Heck promised transparency as legislation takes shape. But, for now, closed meetings are more effective for educating lawmakers on commissaries and possible paths for change than would be open hearings where individual lawmakers can question witnesses for only five minutes at a time.
Given that commissaries are such a prized benefit, I asked, what’s wrong with continuing to operate as they are, providing grocery discounts of roughly 30 percent in return for $1.4 billion a year in taxpayer support?
“That $1.4 billion we spend subsidizing the commissaries,” said Heck, “is $1.4 billion we’re taking out of readiness, whether it’s for training, equipping or other programs. So if the motivation … is to look for efficiencies, and we find efficiencies or best practices that allow us to save money while maintaining a benefit, then why shouldn’t we?”

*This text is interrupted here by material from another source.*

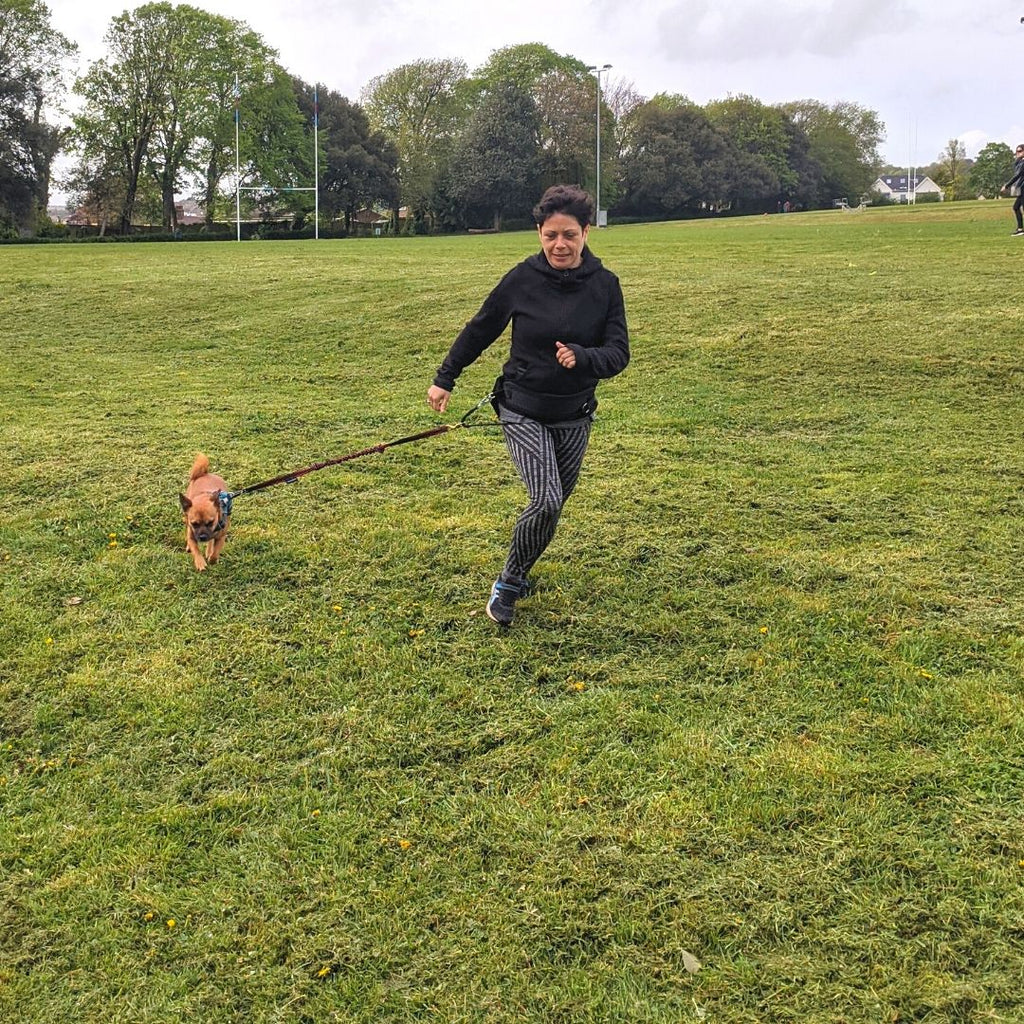Small Dog Canicross – get the most out of twenty minutes of exercise!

The Boston group study has been criticized for using only a modest price comparison survey to conclude that overall patron savings are nearer to 15 percent or 20 percent than the 30 percent touted by DeCA. Heck is comfortable with that, saying actual savings depend on items surveyed, and results also will vary widely depending on where customers shop.

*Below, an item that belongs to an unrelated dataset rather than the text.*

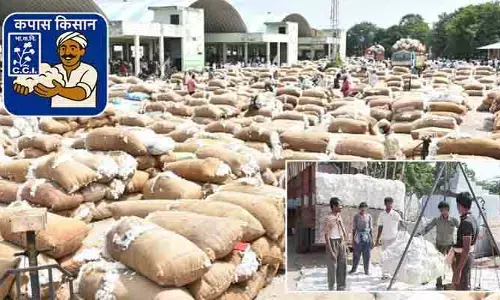 రాష్ట్రంలో పత్తి సేకరణ కంప్లీట్.. ఉత్పత్తిలో ఆదిలాబాద్ టాప్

Comparing commissary prices solely to Walmart supercenters would narrow the savings found. So, too, would a comparison of grocery prices conducted in rural America versus in a high-cost state like California.
With commissary prices now set based on cost, commissaries lose money on every transaction, Heck said. Variable pricing, he suggested, could lower operating costs. But brand items no longer would be identically priced across all stores, so that shoppers in San Diego might save 35 percent off local prices while shoppers in southern states save 20 percent or less.
Variable pricing, Heck said, would level out the savings shoppers realize by setting commissary prices regionally to match some baseline average of commissary savings nationwide. How that baseline is determined will be critical, and may be controversial.
“What we’re trying to do is control for all the variables and come up with a solid number for what we believe true cost savings are (for patrons),” Heck said. “And then make sure, in any reform, that we try to maintain that level of cost savings (across the system).”
Nixon said ALA hopes to counsel Congress on its reforms to avoid “unintended consequences,” and this might be one of them. Shoppers do need more savings on groceries if they live in higher cost areas, he said.
“To take it from folks living in San Diego and give it to the folks in Mississippi and Alabama may not be in the best interest of shoppers,” Nixon said, given the penalty families might face for assignment to high-cost areas.